Copy Number Variation
Copy number variation (CNV) is a form of structural variation in which segments of DNA are present in differing numbers of copies between individuals — typically through deletions that reduce copies or duplications that increase them. CNVs span from kilobases to megabases, account for a substantial portion of human genetic diversity, and can influence phenotype by changing the dosage of the genes they encompass.
Definition
Copy number variation is a structural variant in which a DNA segment, conventionally one kilobase or larger, is present in a variable number of copies relative to a reference genome, arising chiefly through deletions (copy loss) and duplications (copy gain).
Scope
This topic covers gains and losses of DNA copies as a distinct, dosage-defined class of structural variation: how CNVs arise, how their dosage effects relate to phenotype, and how they are detected and interpreted. It complements the broader sibling topic on chromosomal structural variation, which also includes balanced rearrangements. This is reference material on the concept, not clinical management guidance.
Key concepts
- Copy gain (duplication) and copy loss (deletion)
- Gene dosage
- Dosage sensitivity, haploinsufficiency, and triplosensitivity
- Non-allelic homologous recombination
- Recurrent versus non-recurrent CNVs
- Benign copy number polymorphism
- Chromosomal microarray detection
- Incomplete penetrance and variable expressivity
Mechanisms
Copy number changes arise mainly through recombination- and replication-based mechanisms: non-allelic homologous recombination between flanking segmental duplications produces recurrent CNVs with consistent breakpoints, while replication errors and end-joining produce non-recurrent CNVs of variable size (Hastings et al., 2009). A CNV affects phenotype principally by altering gene dosage — deleting a dosage-sensitive (haploinsufficient) gene or increasing copies of a triplosensitive one — and may also disrupt or fuse genes at its breakpoints. Many CNVs are common, benign polymorphisms, and genome-wide studies have shown they cover a meaningful fraction of the genome and contribute to variation in gene expression (Wellcome Trust Case Control Consortium, 2010; Feuk et al., 2006).
Clinical relevance
CNVs are a recognised cause of developmental and neuropsychiatric conditions and of recurrent genomic disorders, and chromosomal microarray is a common first-tier test in their evaluation. Interpreting a CNV requires distinguishing benign polymorphisms from dosage changes affecting dosage-sensitive genes, and some pathogenic CNVs show incomplete penetrance and variable expressivity. This topic describes how CNVs arise and are assessed and is not a basis for individual diagnostic or treatment decisions.
Epidemiology
Copy number variants are a common form of human genetic variation, collectively spanning a substantial proportion of the genome; large surveys found that most common CNVs are benign and that they account for a measurable share of heritable differences in gene expression (Wellcome Trust Case Control Consortium, 2010).
Debates
- Why do some pathogenic CNVs show variable outcomes?

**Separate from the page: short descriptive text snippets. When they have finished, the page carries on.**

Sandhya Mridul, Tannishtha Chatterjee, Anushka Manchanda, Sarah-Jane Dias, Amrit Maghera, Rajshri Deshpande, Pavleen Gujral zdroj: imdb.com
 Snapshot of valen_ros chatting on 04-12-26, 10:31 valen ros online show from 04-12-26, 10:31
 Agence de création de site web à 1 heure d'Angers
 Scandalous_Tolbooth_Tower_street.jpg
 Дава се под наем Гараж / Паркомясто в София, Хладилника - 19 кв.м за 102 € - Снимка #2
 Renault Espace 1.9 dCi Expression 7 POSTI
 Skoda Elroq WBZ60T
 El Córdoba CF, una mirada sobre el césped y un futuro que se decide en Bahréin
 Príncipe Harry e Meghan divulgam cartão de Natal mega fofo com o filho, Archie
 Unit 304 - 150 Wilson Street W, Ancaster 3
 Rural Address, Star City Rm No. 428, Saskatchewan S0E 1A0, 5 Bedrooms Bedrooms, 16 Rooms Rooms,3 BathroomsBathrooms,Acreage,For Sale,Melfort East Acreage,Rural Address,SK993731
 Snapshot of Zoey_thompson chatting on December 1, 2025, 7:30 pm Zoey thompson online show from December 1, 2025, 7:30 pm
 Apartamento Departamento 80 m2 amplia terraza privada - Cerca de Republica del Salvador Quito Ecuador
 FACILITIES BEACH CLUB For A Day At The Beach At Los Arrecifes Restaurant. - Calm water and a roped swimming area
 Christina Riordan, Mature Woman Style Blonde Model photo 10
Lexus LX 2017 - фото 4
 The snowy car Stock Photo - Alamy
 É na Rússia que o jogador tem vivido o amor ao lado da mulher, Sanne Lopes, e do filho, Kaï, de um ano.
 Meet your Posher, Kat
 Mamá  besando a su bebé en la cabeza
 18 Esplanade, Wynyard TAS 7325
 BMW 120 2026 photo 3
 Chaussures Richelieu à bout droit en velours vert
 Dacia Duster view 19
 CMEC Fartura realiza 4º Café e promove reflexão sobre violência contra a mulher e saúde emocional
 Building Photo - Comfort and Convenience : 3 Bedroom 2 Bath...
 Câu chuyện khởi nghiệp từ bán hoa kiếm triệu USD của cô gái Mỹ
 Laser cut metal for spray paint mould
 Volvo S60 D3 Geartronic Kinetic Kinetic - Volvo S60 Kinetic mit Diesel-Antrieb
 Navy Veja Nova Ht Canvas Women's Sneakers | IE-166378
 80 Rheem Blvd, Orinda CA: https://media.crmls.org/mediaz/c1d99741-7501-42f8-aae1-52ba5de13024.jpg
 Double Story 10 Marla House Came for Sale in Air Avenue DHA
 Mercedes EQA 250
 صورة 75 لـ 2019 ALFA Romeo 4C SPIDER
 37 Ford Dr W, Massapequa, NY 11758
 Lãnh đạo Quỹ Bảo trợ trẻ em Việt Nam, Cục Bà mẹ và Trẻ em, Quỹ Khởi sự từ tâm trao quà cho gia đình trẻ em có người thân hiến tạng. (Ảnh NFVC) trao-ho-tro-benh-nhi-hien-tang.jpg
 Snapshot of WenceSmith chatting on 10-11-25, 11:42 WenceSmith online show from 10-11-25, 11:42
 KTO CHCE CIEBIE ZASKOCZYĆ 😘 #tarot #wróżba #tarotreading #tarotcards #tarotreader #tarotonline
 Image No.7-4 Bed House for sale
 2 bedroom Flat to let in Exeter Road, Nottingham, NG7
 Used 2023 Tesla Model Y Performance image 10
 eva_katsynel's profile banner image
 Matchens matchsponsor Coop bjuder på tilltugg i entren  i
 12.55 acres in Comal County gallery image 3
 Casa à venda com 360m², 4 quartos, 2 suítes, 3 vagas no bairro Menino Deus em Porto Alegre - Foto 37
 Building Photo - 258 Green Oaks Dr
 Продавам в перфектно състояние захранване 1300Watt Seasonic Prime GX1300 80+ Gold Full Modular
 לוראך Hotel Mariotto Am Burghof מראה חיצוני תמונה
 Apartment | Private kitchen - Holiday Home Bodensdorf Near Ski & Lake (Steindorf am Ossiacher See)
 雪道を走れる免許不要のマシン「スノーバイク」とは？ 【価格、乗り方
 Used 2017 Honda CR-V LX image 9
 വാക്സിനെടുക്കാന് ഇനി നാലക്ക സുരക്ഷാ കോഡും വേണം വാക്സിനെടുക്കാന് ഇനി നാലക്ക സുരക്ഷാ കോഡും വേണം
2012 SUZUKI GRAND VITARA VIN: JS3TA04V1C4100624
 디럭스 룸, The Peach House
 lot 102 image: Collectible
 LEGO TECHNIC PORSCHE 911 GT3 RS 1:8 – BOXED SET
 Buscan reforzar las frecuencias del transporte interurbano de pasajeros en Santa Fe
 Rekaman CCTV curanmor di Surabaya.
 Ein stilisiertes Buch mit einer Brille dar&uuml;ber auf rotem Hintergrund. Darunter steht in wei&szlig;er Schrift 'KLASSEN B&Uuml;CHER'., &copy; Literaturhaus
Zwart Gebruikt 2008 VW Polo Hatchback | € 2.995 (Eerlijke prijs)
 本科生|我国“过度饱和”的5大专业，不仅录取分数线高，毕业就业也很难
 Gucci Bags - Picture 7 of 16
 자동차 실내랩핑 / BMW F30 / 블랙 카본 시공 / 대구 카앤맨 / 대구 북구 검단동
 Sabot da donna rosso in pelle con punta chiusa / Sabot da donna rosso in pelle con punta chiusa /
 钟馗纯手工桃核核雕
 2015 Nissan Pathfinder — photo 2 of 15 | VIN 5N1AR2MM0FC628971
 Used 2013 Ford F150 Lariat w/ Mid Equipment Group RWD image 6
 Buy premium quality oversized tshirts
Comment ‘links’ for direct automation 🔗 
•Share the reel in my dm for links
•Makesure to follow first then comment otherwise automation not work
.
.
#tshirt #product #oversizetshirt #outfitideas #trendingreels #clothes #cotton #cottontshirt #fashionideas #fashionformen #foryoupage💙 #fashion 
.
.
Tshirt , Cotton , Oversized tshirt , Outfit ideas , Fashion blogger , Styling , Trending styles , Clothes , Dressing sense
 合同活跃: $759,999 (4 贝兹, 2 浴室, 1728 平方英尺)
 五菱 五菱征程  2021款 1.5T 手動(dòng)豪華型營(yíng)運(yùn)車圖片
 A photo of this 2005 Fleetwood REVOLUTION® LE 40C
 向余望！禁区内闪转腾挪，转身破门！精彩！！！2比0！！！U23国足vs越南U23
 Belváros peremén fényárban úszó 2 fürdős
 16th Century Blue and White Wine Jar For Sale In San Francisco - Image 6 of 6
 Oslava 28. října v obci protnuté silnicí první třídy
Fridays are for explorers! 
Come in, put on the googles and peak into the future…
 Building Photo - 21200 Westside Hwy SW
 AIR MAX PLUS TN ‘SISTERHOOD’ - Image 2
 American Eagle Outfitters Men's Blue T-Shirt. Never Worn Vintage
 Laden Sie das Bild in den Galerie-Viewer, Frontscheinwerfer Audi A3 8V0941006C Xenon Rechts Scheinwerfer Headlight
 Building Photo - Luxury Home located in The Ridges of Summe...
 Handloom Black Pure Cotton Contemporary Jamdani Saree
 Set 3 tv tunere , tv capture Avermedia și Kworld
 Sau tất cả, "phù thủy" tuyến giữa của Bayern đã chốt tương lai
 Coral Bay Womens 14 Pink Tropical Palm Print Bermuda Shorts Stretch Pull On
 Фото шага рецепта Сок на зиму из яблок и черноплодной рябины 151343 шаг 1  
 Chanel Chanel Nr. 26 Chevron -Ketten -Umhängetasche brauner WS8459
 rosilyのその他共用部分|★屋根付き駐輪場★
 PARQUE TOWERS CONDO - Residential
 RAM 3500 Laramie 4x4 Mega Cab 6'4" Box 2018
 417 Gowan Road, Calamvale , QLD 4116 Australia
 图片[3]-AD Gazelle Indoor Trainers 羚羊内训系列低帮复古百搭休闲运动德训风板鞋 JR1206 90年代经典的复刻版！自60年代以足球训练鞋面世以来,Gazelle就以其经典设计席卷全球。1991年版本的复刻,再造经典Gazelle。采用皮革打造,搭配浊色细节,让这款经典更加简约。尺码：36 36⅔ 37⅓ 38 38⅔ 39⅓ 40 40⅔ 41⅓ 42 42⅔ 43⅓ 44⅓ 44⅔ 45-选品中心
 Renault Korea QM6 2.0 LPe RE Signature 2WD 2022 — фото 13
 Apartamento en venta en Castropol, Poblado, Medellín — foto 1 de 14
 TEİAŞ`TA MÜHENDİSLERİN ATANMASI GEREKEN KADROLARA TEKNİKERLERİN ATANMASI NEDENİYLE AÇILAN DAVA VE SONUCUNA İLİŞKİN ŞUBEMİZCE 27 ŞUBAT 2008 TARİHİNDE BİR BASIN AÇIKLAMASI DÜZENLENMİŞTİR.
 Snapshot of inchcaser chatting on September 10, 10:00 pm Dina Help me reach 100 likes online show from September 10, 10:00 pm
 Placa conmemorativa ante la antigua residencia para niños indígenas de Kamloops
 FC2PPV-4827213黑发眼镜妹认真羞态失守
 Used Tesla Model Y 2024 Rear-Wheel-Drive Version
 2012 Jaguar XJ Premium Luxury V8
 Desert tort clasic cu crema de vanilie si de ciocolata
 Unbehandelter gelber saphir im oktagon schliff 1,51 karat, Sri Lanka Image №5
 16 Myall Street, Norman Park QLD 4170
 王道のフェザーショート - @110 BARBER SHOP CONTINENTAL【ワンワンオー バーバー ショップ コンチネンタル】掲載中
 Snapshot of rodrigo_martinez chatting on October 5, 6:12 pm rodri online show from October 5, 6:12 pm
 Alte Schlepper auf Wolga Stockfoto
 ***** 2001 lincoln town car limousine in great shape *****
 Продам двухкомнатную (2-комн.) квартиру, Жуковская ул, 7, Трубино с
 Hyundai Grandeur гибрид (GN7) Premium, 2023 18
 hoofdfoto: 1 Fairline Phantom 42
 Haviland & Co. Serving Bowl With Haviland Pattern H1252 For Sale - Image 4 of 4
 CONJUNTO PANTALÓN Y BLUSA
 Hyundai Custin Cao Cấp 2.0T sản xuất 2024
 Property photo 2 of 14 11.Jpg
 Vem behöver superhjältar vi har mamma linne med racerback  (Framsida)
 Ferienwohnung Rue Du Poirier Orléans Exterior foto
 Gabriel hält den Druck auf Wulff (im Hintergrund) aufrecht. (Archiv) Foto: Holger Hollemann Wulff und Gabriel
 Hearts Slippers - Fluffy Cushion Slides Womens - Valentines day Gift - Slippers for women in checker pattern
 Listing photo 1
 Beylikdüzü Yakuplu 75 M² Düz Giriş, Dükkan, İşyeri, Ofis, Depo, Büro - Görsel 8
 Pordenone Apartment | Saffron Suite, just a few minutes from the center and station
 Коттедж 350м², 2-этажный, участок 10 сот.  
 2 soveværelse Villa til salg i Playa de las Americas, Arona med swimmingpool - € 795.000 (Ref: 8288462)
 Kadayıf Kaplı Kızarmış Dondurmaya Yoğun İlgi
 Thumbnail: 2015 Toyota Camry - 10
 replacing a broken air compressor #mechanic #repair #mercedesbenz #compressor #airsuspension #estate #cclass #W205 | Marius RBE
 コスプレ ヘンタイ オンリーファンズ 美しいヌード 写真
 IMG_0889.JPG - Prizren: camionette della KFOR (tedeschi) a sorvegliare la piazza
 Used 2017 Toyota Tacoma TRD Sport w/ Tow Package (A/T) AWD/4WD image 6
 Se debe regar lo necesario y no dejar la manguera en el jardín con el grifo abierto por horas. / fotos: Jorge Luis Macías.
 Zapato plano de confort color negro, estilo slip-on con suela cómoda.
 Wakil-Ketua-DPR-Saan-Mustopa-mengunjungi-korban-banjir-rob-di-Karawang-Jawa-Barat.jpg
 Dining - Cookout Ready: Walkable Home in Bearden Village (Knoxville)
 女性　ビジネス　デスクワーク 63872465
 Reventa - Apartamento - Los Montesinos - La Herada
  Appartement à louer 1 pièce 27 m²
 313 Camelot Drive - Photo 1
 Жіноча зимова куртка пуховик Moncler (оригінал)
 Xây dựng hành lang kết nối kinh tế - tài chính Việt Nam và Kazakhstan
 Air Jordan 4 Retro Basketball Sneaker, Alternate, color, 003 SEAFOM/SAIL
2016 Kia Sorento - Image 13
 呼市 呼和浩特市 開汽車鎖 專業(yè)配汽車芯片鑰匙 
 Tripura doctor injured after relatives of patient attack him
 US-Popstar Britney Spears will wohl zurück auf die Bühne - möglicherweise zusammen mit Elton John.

- Certain disease-associated CNVs show incomplete penetrance and variable expressivity, with carriers ranging from unaffected to severely affected; this is attributed to modifying variants, second hits, and environmental factors, complicating prediction of outcome from the CNV alone.
Related topics
Seminal works
- hastings-2009
- wtccc-2010
- feuk-2006
Frequently asked questions
- How is copy number variation related to structural variation?
- Copy number variation is a subset of structural variation, specifically the unbalanced changes — deletions and duplications — that alter the number of copies of a DNA segment, as opposed to balanced rearrangements such as inversions and translocations.
- Are all copy number variants harmful?
- No. Many CNVs are common, benign polymorphisms with no apparent effect. Clinical significance depends on the size and location of the change and whether it alters the dosage of genes that are sensitive to copy number.